### WORK TASK
Transcribe only the part of the listing below that begins at the line containing "Connected with love postcard" and runs to its final line, keeping both ends.
[DATA SEGMENT]
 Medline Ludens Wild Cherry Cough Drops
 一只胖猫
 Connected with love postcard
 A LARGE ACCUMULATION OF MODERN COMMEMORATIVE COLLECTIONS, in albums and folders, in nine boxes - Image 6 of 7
[/DATA SEGMENT]
### EXERCISE RESPONSE
 Connected with love postcard
 A LARGE ACCUMULATION OF MODERN COMMEMORATIVE COLLECTIONS, in albums and folders, in nine boxes - Image 6 of 7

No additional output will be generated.